D’abord ils réactivent des sociétés dormantes mais qui possèdent toujours une immatriculation auprès du registre du commerce afin d’appuyer leur crédibilité auprès des banques. Tonio «le ferrailleur» va apporter une mise de fond de 100.000 euros pour les aider à démarrer leur activité. À la tête de ces compagnies, ils vont placer des gérants de paille, souvent des proches comme leur femme ou leur oncle.
«Manu le banquier»
Les prête-noms vont ouvrir des comptes bancaires grâce à des bilans comptables falsifiés, des faux avis d’imposition et la complicité de «Manu le banquier». L’ex-banquier à la HSBC sert d’entremetteur entre les institutions bancaires et les membres du réseau d’escroquerie. Il obtient des cotations favorables aux sociétés fictives auprès de la Banque de France, précieux sésame pour faciliter l’acquisition d’un crédit.

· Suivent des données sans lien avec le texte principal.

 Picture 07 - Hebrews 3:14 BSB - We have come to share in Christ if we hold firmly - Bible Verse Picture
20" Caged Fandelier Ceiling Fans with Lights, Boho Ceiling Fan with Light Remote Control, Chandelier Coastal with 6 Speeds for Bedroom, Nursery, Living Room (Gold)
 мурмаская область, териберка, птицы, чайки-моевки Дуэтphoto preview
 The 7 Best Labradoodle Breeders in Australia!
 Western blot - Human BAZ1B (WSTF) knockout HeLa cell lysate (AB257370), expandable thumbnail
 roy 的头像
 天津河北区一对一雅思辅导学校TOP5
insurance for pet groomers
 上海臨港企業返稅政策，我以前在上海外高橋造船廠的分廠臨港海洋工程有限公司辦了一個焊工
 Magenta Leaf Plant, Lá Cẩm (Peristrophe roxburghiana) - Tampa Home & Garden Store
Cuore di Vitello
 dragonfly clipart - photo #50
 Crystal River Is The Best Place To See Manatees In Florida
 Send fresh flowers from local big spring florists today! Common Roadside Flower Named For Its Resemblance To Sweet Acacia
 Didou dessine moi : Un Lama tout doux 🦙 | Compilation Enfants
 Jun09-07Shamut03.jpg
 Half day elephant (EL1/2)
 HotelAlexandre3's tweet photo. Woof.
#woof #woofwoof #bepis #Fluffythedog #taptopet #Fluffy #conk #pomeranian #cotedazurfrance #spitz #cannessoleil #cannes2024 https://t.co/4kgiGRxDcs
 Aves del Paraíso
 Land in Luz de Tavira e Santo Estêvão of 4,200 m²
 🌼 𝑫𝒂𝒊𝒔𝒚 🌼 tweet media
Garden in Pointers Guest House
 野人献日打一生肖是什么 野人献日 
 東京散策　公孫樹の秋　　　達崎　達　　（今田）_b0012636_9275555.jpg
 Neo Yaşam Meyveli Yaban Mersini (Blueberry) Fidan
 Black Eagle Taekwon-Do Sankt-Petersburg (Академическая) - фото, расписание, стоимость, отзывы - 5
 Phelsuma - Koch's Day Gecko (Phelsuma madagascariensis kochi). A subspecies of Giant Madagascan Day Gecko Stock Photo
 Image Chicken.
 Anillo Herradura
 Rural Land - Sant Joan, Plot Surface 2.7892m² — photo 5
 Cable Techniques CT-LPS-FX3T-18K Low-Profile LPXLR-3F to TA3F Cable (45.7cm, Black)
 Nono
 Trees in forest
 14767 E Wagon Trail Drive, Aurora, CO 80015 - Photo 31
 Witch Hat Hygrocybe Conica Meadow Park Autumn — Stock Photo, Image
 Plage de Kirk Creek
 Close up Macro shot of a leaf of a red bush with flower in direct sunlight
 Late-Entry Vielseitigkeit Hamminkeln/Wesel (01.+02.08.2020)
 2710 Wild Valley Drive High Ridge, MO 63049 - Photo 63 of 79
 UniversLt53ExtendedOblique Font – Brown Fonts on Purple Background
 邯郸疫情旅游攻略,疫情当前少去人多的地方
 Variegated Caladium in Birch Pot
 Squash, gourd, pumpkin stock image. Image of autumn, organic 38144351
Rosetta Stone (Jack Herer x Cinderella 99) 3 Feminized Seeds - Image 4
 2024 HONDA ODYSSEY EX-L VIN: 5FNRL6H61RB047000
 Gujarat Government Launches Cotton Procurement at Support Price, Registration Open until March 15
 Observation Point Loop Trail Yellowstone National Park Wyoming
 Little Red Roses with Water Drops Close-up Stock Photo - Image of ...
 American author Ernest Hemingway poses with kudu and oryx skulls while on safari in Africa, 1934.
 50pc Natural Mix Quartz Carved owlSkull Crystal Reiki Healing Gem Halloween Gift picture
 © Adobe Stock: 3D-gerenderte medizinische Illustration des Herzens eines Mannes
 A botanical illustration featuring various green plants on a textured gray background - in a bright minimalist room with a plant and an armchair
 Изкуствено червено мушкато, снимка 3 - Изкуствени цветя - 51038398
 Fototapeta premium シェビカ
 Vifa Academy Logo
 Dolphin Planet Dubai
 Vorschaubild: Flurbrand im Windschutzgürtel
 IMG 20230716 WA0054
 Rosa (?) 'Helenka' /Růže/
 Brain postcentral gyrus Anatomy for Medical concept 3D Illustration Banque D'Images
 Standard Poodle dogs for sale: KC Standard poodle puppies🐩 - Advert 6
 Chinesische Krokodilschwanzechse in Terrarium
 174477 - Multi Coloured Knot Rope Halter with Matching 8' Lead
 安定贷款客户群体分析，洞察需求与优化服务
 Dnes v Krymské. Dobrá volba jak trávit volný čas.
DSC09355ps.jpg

L’argent en poche, une flopée d’entreprises, dont la principale Métaux Europe, vont pouvoir acheter des voitures en leasing, changer les plaques, puis les revendre à des prix défiant toute concurrence à des garages peu scrupuleux. Lors des perquisitions dans les locaux de Métaux Europe à Saint-Ouen (Seine-Saint-Denis), les enquêteurs vont découvrir un site épuré de… 6m2, composé d’un bureau, d’une chaise et d’un ordinateur.
L’argent collecté par la vente d’au moins 18 véhicules (Smart, Mercedes-Benz, Clio) est transféré grâce à un montage financier sophistiqué vers la Pologne, la Hongrie ou Israël. Les fonds sont ensuite rendus aux malfaiteurs en cash moyennant quelques commissions à différents intermédiaires dont un comptable, M.H. alias «Majax», le prestidigitateur.
Escapade à Marrakech
Sur le dos de son employeur SAF, partie civile, il va créer de faux comptes fournisseurs avec de fausses factures et va permettre de décaisser l’argent. Ce mode opératoire rodé va être dupliqué sur d’autres arnaques par la société Groupe Allianz de France (GAF) qui va jouer avec l’ambiguïté du nom de l’assureur Allianz. Ce dernier va obtenir leur condamnation pour concurrence déloyale en 2014. GAF va embaucher des femmes de l’entourage d’Éric Robic et Claude Khayat sous des fausses identités et les faire passer pour des commerciales.
Elles vont démarcher des artisans trouvés sur les pages jaunes qui pensaient être lien avec une filiale du groupe d’assurance et leur proposer la création d’un site internet et la mise à disposition d’un portefeuille clients pour 5.000 euros. Les contrats ne seront jamais honorés et l’escroquerie va délester une cinquantaine d’entreprises pour un préjudice estimé à plus de 200.000 euros. Les chèques encaissés seront transférés et récoltés en Pologne, les cartes de crédit des sociétés utilisées à des fins personnelles pour acheter du caviar ou s’offrir une escapade à Marrakech ou Tel-Aviv.
«Une dette de poker»
Au total, huit hommes et deux femmes, âgés de 41 à 61 ans, sont jugés à partir de lundi devant le tribunal correctionnel de Bobigny pour escroquerie, blanchiment ou recel en bande organisée. Plus d’une vingtaine de sociétés se sont constituées parties civiles. Le procès doit s’achever vendredi. Les dix prévenus: commercial, comptable, professeur de sport, directeur financier, architecte d’intérieur ou analyste ont reconnu à des degrés divers leur participation à l’escroquerie, certains l’ont justifiée par le remboursement d’«une dette de poker».
Éric Robic affirmera qu’il devait restituer la caution empruntée à un membre du clan Hornec, des figures du grand banditisme, et «ami d’enfance», après avoir été incarcéré pour homicide involontaire dans l’affaire Zeitouni et pour l’achat frauduleux de 35.000 euros de crustacés.